- [DATASET EXCERPTS]:
########################################

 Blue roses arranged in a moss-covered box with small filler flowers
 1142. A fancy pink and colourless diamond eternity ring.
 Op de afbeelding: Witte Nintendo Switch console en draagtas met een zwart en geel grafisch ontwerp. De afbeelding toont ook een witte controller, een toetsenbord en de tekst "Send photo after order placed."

########################################

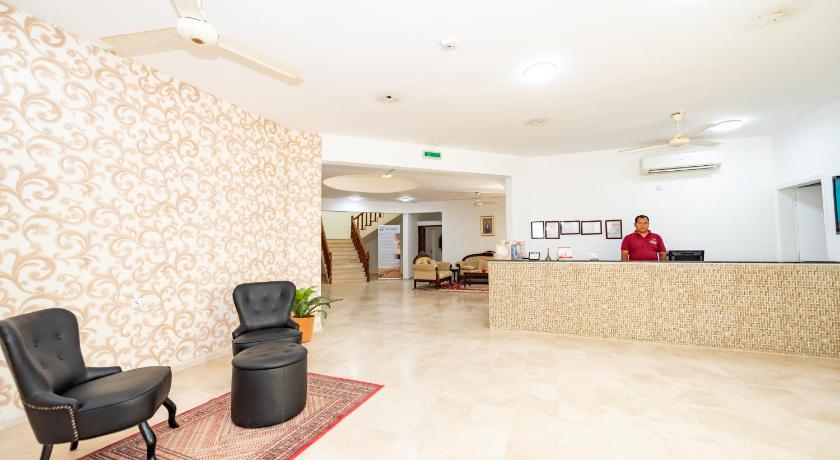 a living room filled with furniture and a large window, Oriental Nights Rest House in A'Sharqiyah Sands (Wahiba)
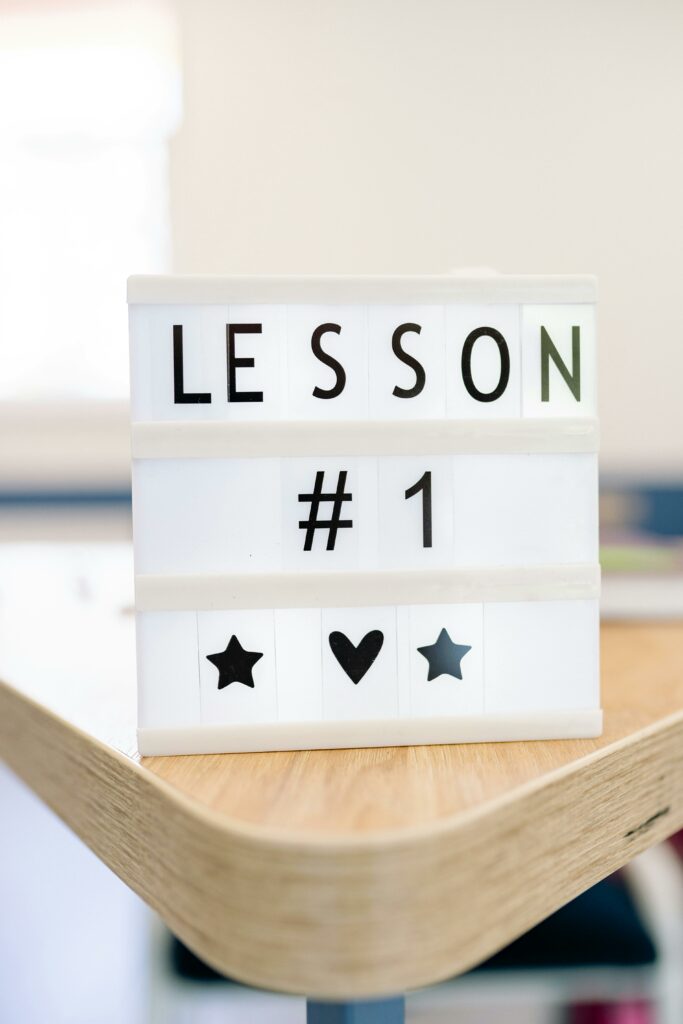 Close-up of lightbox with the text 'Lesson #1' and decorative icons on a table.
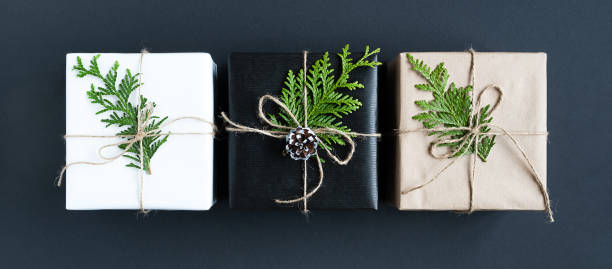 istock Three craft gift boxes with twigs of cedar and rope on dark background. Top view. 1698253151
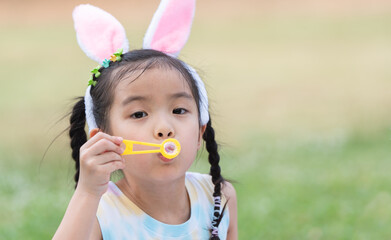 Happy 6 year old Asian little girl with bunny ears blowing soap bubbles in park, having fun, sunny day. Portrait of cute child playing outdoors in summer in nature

########################################

- [TASK BRIEF]:
Which lines above run from the one containing "Blue roses arranged" to the one containing "Op de afbeelding: Witte"? Give them again exactly, both ends included.

- [TASK RESPONSE]:
 Blue roses arranged in a moss-covered box with small filler flowers
 1142. A fancy pink and colourless diamond eternity ring.
 Op de afbeelding: Witte Nintendo Switch console en draagtas met een zwart en geel grafisch ontwerp. De afbeelding toont ook een witte controller, een toetsenbord en de tekst "Send photo after order placed."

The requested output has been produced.